Specificity: TN/(TN + FP) defined as the proportion of negative results out of the number of samples which were actually negative.
Precision: TP/(TP + FP) defined as the proportion of predicted positives that are actually positive. Also called positive predictive value
Accuracy: TP + TN/(TP + TN + FP + FN) The percentage of labels predicted accurately for a sample.
F Measure: A weighted average of the precision and recall, with best being 1 and worst being 0.

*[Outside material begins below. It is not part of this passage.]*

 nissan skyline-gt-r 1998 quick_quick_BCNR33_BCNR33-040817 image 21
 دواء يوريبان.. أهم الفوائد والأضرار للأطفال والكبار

Variable Importance/Permutation feature importance plots are one way of understanding which predictor has the largest effect on the model outcomes. The main idea is to measure how much does a model’s performance changes if the effect of a selected explanatory variable, or of a group of variables, is removed. To remove the effect, we use perturbations, like resampling from an empirical distribution or permutation of the values of the variable.If a variable is important, then we expect that, after permuting/shuffling the values of the variable, the model’s performance will worsen. The larger the change in the performance, the more important is the variable. Please see Explanatory Model Analysis and Interpretable Machine Learning
The methods may be applied for several purposes.
Model simplification: variables that do not influence a model’s predictions may be excluded from the model.
Model exploration: comparison of variables’ importance in different models may help in discovering interrelations between the variables. Also, the ordering of variables in the function of their importance is helpful in deciding in which order should we perform further model exploration.
Domain-knowledge-based model validation: identification of the most important variables may be helpful in assessing the validity of the model based on domain knowledge.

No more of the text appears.